**What the task asks**
After locating the line with "Il Castoro Supermercati" below, output it and each following line exactly, stopping after the line with "Sale, Sale Price". No pictures.

Records to process START

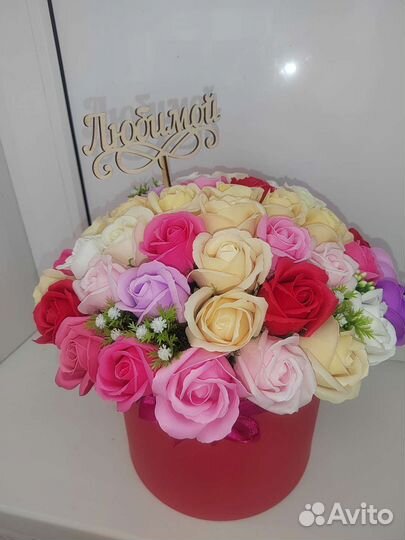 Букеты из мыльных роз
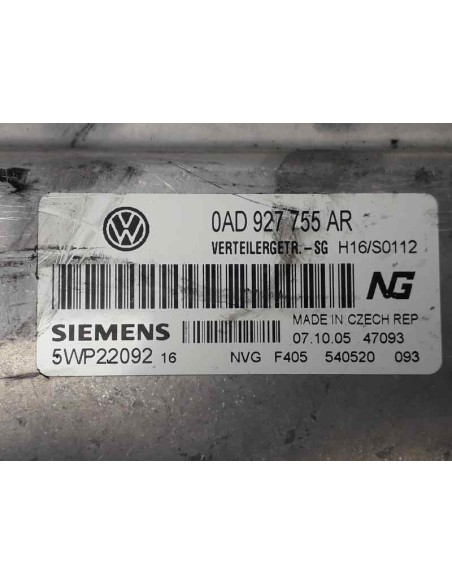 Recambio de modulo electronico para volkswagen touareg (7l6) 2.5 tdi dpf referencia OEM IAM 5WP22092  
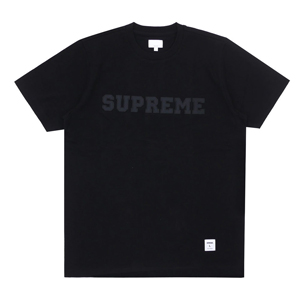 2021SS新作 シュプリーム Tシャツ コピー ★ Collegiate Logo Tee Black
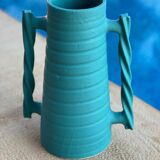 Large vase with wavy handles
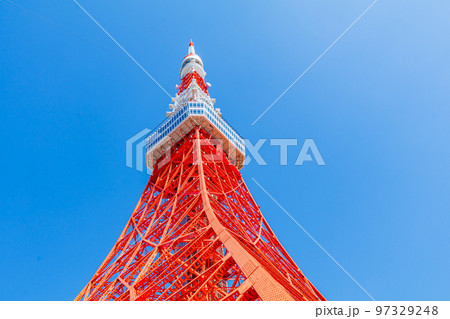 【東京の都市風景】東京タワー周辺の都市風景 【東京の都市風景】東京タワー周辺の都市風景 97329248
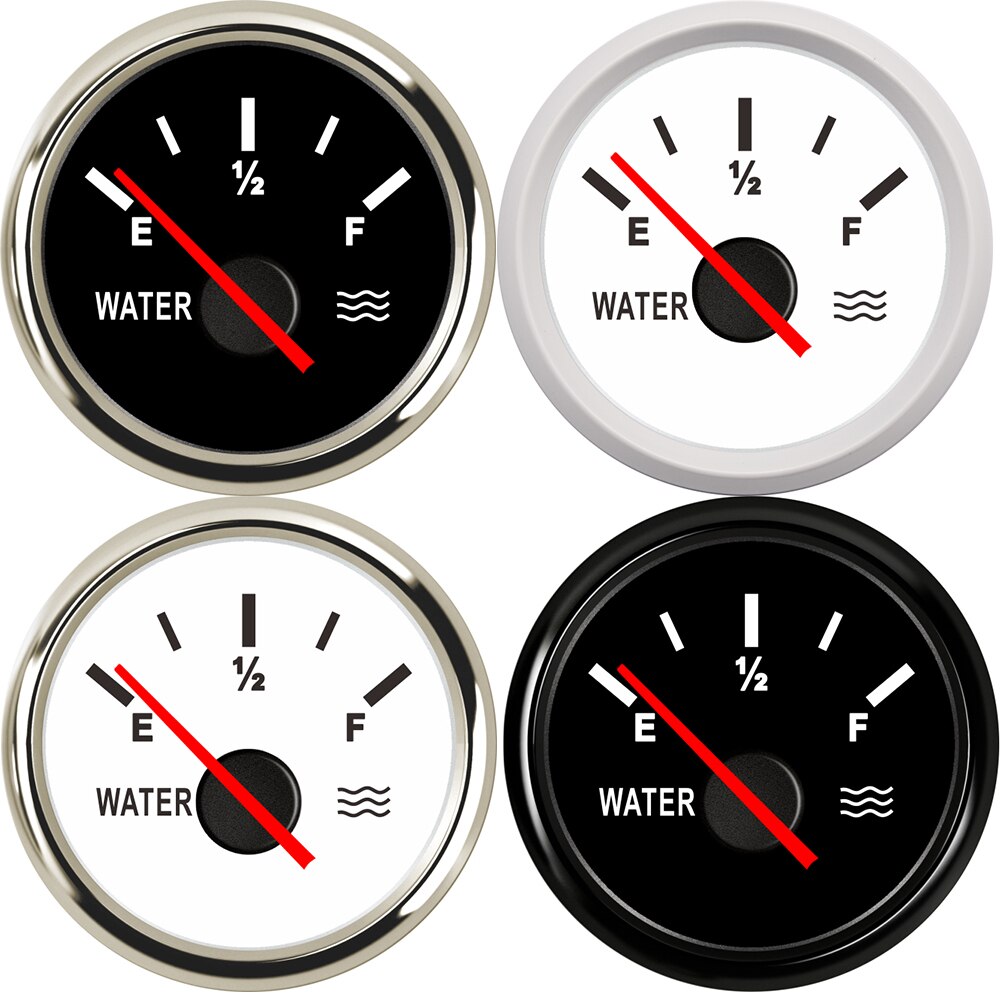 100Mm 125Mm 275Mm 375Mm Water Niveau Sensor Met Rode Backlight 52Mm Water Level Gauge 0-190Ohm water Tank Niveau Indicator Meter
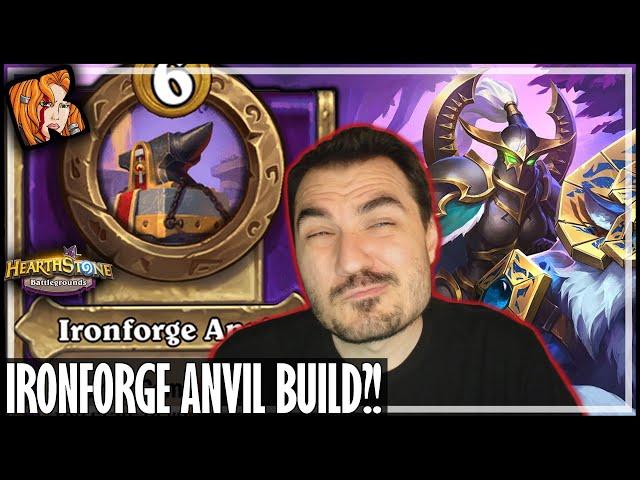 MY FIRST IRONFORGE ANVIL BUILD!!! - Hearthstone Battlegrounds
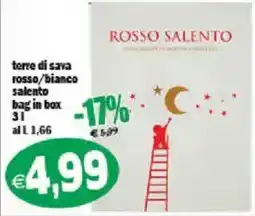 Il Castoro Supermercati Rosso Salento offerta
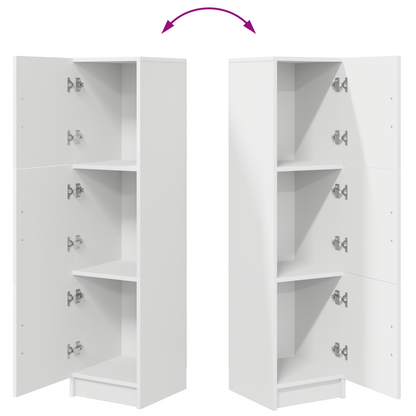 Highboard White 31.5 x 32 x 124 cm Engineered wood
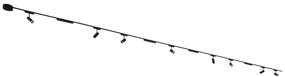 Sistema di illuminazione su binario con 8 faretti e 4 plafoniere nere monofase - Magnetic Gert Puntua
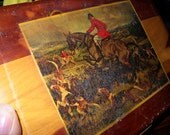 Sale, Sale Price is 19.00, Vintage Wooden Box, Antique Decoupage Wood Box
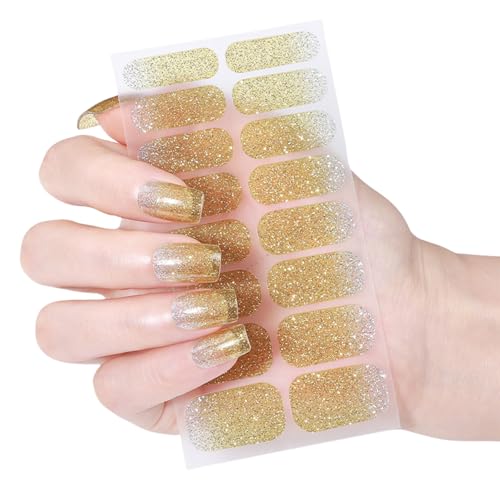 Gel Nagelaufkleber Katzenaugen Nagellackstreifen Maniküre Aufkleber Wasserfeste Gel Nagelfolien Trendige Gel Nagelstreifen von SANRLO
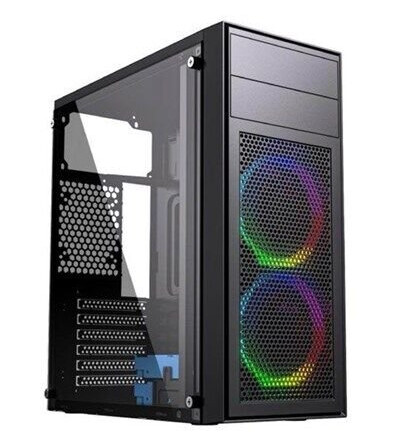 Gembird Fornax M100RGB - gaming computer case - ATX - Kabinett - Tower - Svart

Records to process END
Records to process START

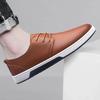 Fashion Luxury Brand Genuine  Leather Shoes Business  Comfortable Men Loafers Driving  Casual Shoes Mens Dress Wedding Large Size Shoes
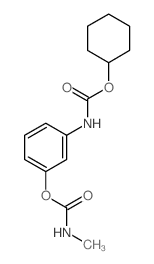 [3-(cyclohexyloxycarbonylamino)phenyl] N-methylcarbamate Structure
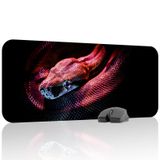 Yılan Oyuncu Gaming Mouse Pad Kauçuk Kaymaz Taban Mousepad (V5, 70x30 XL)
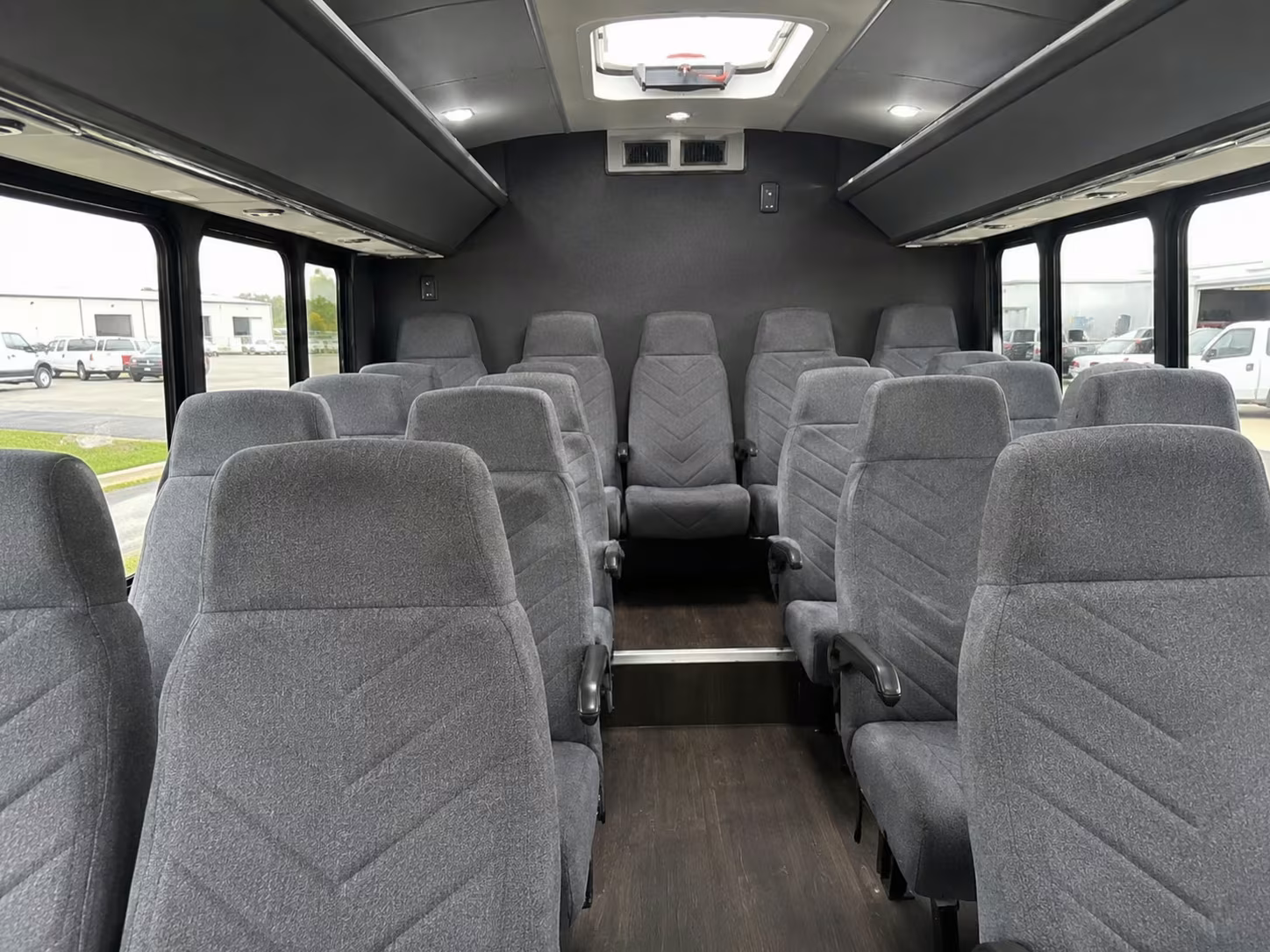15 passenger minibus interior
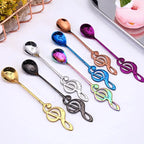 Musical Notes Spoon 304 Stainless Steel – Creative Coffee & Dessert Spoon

Records to process END

**Response area**
 Il Castoro Supermercati Rosso Salento offerta
 Highboard White 31.5 x 32 x 124 cm Engineered wood
 Sistema di illuminazione su binario con 8 faretti e 4 plafoniere nere monofase - Magnetic Gert Puntua
 Sale, Sale Price is 19.00, Vintage Wooden Box, Antique Decoupage Wood Box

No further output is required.